PROVIDED INFORMATION START
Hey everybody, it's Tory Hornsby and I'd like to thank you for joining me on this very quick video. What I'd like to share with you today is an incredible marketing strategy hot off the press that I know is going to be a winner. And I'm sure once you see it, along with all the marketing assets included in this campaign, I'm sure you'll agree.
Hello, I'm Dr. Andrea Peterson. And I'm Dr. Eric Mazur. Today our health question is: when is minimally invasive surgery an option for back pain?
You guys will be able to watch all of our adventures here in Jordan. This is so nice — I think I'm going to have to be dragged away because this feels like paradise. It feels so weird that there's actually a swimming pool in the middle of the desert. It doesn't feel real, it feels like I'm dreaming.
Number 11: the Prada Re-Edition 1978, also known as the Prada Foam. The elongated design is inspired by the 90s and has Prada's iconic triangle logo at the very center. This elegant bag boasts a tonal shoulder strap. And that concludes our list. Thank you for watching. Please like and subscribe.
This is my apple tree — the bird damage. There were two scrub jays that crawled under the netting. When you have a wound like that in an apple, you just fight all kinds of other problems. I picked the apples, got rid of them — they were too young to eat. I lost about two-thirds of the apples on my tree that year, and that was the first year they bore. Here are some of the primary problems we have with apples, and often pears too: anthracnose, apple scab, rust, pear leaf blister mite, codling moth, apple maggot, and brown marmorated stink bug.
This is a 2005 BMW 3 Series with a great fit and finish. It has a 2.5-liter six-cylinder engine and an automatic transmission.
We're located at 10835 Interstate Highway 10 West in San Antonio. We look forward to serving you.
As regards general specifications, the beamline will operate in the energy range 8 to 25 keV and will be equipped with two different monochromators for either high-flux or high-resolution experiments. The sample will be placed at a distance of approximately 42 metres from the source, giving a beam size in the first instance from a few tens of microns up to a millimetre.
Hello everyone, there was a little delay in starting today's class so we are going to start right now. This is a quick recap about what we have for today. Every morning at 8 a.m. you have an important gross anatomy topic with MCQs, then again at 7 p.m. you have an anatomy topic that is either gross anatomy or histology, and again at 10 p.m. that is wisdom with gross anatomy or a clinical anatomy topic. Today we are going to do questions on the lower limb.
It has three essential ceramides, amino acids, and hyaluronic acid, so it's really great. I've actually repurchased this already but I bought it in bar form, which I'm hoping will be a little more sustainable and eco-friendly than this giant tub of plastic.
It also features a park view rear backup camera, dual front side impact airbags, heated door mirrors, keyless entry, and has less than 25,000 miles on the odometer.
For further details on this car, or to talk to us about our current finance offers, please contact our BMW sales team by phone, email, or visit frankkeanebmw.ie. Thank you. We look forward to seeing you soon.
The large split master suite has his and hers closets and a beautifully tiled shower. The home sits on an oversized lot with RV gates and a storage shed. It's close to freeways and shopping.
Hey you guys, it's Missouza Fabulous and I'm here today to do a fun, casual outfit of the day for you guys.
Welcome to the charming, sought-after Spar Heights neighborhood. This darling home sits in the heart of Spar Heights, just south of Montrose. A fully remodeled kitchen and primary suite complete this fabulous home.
PROVIDED INFORMATION END
◆ TASK INSTRUCTIONS: Once more, print all the records exactly.

◆ TASK ANSWER:
Hey everybody, it's Tory Hornsby and I'd like to thank you for joining me on this very quick video. What I'd like to share with you today is an incredible marketing strategy hot off the press that I know is going to be a winner. And I'm sure once you see it, along with all the marketing assets included in this campaign, I'm sure you'll agree.
Hello, I'm Dr. Andrea Peterson. And I'm Dr. Eric Mazur. Today our health question is: when is minimally invasive surgery an option for back pain?
You guys will be able to watch all of our adventures here in Jordan. This is so nice — I think I'm going to have to be dragged away because this feels like paradise. It feels so weird that there's actually a swimming pool in the middle of the desert. It doesn't feel real, it feels like I'm dreaming.
Number 11: the Prada Re-Edition 1978, also known as the Prada Foam. The elongated design is inspired by the 90s and has Prada's iconic triangle logo at the very center. This elegant bag boasts a tonal shoulder strap. And that concludes our list. Thank you for watching. Please like and subscribe.
This is my apple tree — the bird damage. There were two scrub jays that crawled under the netting. When you have a wound like that in an apple, you just fight all kinds of other problems. I picked the apples, got rid of them — they were too young to eat. I lost about two-thirds of the apples on my tree that year, and that was the first year they bore. Here are some of the primary problems we have with apples, and often pears too: anthracnose, apple scab, rust, pear leaf blister mite, codling moth, apple maggot, and brown marmorated stink bug.
This is a 2005 BMW 3 Series with a great fit and finish. It has a 2.5-liter six-cylinder engine and an automatic transmission.
We're located at 10835 Interstate Highway 10 West in San Antonio. We look forward to serving you.
As regards general specifications, the beamline will operate in the energy range 8 to 25 keV and will be equipped with two different monochromators for either high-flux or high-resolution experiments. The sample will be placed at a distance of approximately 42 metres from the source, giving a beam size in the first instance from a few tens of microns up to a millimetre.
Hello everyone, there was a little delay in starting today's class so we are going to start right now. This is a quick recap about what we have for today. Every morning at 8 a.m. you have an important gross anatomy topic with MCQs, then again at 7 p.m. you have an anatomy topic that is either gross anatomy or histology, and again at 10 p.m. that is wisdom with gross anatomy or a clinical anatomy topic. Today we are going to do questions on the lower limb.
It has three essential ceramides, amino acids, and hyaluronic acid, so it's really great. I've actually repurchased this already but I bought it in bar form, which I'm hoping will be a little more sustainable and eco-friendly than this giant tub of plastic.
It also features a park view rear backup camera, dual front side impact airbags, heated door mirrors, keyless entry, and has less than 25,000 miles on the odometer.
For further details on this car, or to talk to us about our current finance offers, please contact our BMW sales team by phone, email, or visit frankkeanebmw.ie. Thank you. We look forward to seeing you soon.
The large split master suite has his and hers closets and a beautifully tiled shower. The home sits on an oversized lot with RV gates and a storage shed. It's close to freeways and shopping.
Hey you guys, it's Missouza Fabulous and I'm here today to do a fun, casual outfit of the day for you guys.
Welcome to the charming, sought-after Spar Heights neighborhood. This darling home sits in the heart of Spar Heights, just south of Montrose. A fully remodeled kitchen and primary suite complete this fabulous home.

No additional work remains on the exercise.